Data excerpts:
# # #
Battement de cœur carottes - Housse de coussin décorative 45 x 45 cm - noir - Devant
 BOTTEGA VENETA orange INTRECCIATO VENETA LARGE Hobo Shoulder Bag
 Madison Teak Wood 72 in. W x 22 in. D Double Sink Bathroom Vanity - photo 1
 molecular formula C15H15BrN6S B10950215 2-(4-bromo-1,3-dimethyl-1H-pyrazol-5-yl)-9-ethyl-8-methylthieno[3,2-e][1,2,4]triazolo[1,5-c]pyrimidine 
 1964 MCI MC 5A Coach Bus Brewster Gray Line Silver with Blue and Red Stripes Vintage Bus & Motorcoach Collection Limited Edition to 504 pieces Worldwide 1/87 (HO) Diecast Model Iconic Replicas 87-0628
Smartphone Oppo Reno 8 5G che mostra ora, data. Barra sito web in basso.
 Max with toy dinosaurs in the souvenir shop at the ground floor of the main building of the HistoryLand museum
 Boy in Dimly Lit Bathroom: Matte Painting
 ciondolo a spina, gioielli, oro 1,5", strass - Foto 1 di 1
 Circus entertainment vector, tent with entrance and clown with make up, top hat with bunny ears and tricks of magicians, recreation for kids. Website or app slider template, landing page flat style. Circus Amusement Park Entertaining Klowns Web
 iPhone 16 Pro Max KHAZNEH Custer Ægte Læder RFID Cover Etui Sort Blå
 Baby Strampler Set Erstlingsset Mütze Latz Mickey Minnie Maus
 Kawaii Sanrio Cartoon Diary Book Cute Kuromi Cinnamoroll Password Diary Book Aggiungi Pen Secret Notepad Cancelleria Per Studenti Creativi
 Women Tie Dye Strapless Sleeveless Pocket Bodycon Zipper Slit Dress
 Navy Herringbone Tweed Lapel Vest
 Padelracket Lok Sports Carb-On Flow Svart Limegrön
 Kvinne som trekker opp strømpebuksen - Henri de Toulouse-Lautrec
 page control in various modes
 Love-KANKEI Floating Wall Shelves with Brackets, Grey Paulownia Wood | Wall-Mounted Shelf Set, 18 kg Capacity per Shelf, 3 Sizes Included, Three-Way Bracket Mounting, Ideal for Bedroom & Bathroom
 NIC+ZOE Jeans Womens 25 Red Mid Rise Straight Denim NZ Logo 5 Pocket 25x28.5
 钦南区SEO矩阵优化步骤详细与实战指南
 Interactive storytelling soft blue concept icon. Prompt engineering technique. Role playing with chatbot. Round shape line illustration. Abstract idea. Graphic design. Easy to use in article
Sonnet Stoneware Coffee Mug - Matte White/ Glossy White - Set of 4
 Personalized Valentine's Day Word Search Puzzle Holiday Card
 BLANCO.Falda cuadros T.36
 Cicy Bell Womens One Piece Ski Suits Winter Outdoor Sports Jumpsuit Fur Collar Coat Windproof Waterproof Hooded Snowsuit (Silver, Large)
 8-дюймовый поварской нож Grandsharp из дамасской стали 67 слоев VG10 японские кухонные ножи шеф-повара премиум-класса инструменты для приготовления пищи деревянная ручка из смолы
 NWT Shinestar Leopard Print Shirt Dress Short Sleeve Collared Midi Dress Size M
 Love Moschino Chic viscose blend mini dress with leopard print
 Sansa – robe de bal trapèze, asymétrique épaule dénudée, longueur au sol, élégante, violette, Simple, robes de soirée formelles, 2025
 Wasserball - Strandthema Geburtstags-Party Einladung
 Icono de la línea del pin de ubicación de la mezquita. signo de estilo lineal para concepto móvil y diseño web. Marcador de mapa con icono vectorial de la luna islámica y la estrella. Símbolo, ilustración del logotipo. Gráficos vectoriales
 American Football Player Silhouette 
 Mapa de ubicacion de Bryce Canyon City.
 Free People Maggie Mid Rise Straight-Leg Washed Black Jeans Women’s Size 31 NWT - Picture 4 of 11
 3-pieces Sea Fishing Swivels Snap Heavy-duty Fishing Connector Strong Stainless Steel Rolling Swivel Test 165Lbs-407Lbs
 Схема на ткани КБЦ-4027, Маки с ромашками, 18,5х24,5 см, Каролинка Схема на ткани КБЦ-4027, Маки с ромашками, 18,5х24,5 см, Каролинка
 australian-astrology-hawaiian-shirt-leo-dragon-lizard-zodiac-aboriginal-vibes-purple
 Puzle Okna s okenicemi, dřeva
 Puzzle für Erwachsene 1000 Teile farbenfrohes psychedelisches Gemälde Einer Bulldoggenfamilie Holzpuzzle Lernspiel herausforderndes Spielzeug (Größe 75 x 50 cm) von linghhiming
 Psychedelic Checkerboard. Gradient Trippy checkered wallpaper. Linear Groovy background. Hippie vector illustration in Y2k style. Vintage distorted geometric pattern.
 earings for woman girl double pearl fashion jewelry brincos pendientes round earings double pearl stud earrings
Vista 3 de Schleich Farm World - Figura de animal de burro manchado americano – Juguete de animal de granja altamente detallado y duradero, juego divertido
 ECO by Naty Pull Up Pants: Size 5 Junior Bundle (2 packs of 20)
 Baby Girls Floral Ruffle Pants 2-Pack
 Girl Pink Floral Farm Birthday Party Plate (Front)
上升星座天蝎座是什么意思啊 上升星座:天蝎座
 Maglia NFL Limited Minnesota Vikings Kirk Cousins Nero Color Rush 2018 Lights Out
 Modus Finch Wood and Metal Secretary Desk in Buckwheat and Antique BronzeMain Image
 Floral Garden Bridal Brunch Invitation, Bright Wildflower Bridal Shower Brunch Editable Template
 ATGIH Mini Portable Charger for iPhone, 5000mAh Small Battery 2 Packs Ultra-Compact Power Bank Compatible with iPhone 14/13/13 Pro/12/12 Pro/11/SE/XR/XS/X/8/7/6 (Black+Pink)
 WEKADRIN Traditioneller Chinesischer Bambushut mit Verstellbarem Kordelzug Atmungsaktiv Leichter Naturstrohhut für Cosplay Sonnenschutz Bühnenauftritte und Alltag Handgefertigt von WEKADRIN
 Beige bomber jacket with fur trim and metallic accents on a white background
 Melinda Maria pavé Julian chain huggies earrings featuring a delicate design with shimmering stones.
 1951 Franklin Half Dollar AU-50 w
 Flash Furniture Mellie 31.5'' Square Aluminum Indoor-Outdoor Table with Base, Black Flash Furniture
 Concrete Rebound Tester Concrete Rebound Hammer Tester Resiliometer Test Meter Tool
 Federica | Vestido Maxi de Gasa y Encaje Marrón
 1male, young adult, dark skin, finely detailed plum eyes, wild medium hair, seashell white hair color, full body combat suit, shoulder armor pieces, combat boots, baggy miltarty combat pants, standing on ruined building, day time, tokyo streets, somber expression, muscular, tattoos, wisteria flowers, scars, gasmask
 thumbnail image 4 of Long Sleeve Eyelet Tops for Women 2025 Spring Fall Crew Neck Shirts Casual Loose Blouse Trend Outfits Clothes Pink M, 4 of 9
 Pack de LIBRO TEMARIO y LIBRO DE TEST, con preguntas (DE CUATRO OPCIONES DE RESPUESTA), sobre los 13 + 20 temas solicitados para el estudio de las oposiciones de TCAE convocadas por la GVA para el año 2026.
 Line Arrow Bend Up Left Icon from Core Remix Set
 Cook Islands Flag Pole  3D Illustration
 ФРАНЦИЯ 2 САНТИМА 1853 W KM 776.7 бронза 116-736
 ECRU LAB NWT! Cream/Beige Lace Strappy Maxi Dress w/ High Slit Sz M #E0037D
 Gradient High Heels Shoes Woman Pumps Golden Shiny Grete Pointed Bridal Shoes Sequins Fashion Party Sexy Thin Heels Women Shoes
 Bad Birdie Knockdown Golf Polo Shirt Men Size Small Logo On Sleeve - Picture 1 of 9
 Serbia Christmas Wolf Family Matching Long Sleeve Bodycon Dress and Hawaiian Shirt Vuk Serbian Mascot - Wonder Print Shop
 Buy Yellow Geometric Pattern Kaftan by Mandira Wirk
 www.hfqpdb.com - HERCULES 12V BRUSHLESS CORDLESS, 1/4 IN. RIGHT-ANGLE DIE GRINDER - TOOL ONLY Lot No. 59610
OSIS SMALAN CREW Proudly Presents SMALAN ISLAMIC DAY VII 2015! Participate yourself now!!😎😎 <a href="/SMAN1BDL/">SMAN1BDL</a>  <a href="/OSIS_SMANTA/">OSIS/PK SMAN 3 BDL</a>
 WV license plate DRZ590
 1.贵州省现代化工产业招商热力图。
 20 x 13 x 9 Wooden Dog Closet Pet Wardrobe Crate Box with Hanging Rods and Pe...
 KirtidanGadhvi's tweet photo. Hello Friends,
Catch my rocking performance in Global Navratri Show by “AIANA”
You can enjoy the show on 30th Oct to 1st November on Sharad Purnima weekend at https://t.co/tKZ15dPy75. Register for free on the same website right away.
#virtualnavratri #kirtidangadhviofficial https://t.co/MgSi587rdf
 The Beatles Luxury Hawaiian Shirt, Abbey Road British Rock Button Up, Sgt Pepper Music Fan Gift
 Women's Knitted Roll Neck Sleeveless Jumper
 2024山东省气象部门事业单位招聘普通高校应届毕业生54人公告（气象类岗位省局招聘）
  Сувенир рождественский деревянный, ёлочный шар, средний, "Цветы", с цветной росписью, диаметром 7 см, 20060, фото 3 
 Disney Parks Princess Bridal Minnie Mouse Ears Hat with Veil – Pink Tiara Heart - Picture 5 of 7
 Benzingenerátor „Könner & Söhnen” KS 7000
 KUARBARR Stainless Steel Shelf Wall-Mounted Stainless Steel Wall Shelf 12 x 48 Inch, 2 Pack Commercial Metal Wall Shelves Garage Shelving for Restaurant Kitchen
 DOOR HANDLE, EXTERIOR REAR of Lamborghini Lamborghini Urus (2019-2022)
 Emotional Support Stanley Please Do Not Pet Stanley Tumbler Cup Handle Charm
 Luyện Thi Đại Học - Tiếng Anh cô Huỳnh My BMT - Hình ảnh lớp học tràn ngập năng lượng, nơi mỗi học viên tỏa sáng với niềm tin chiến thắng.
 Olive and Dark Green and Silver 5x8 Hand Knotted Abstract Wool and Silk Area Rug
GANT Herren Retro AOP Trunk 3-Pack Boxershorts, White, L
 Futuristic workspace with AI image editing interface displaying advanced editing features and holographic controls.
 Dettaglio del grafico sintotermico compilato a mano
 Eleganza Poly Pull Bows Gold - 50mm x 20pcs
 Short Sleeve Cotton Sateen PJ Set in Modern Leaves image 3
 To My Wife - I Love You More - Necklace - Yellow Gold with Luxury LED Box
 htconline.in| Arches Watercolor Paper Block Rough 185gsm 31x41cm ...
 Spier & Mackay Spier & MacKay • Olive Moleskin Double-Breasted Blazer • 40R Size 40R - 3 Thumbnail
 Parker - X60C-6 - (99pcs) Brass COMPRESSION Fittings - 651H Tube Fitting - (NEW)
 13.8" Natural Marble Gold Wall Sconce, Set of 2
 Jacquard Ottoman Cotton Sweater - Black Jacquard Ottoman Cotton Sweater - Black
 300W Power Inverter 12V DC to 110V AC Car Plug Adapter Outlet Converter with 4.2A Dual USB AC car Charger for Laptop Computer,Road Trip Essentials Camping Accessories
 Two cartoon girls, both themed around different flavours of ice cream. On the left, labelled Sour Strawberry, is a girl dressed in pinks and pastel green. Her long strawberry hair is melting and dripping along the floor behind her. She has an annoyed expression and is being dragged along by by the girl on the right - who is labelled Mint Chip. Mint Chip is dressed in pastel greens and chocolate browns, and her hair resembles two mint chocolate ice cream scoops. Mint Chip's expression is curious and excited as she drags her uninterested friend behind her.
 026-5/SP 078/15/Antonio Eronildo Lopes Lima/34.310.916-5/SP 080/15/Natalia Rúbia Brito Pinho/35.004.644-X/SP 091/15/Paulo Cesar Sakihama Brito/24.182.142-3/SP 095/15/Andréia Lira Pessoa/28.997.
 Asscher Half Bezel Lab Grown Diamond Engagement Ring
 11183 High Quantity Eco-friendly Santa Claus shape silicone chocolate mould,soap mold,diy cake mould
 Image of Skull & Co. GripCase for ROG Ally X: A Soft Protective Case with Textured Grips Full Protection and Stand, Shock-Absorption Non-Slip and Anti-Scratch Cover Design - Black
# # #
Work instructions: Take the records above and return, word for word, only the lines that fall from the line with "htconline.in| Arches Watercolor" to the line with "300W Power Inverter", both of them included.

Response area:
 htconline.in| Arches Watercolor Paper Block Rough 185gsm 31x41cm ...
 Spier & Mackay Spier & MacKay • Olive Moleskin Double-Breasted Blazer • 40R Size 40R - 3 Thumbnail
 Parker - X60C-6 - (99pcs) Brass COMPRESSION Fittings - 651H Tube Fitting - (NEW)
 13.8" Natural Marble Gold Wall Sconce, Set of 2
 Jacquard Ottoman Cotton Sweater - Black Jacquard Ottoman Cotton Sweater - Black
 300W Power Inverter 12V DC to 110V AC Car Plug Adapter Outlet Converter with 4.2A Dual USB AC car Charger for Laptop Computer,Road Trip Essentials Camping Accessories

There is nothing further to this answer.